Feasibility Study on Quenching Effect Correction in Organic Scintillator for High-LET Particles

The amount of photons emitted from the organic scintillator tends to increase as the LET increases, but the response is non-linear, and the effect of quenching becomes remarkable in the high LET region. This is because ionization occurs locally at high density in the high LET region, and the molecules in the high-density singlet excited state generated in response to this cause quenching by the Förster mechanism. It is known that the emission characteristics of a scintillation depending on LET can be well approximated by the Birks formula and the Chou formula. In our experiment using BC408 scintillator, the amount of scintillation light increased as the LET increased, but it was confirmed that the amount of scintillation light decreased at 10 eV/nm and above due to the quenching effect. In addition, although it could not be uniquely expressed by the Birks formula, the Chou formula allowed a relatively good fitting. On the other hand, it has been found that it is difficult to explain the track structure and photon dynamics in the scintillator by LET alone for heavy ion beams of Si ion or heavier. It is considered that this is because LET gives a one-dimensional energy-giving density on a macro scale, whereas the micro-three-dimensional energy-giving density in the track has a great influence on heavy-ion beams above Si ions.
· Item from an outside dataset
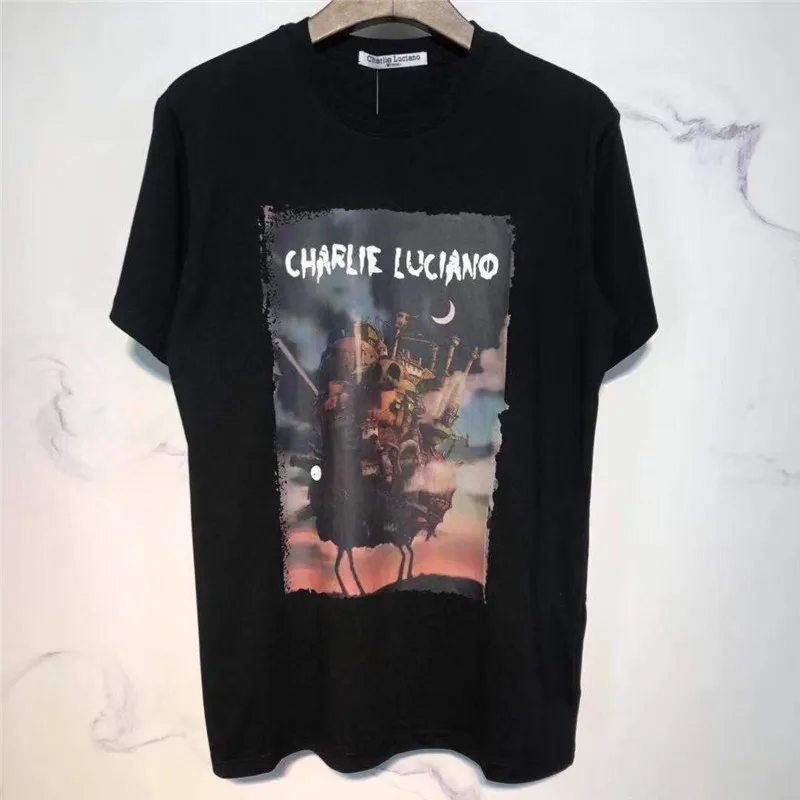 Футболки с рисунком из аниме «Charlie luciano» для мужчин, лучшее качество, хлопковая футболка, футболка с надписью «Charlie luciano»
In previous studies, (Z eff /β) ² (Zeff: effective charge of irradiated ions, β: velocity in units of light velocity) is more suitable than LET for expressing the track structure of high-energy ion beams of several hundreds of MeV/u. Therefore, there is a possibility that (Z eff /β) ² can be used as an alternative parameter to LET. In the future, we would like to examine the validity of this method by measuring with different nuclides.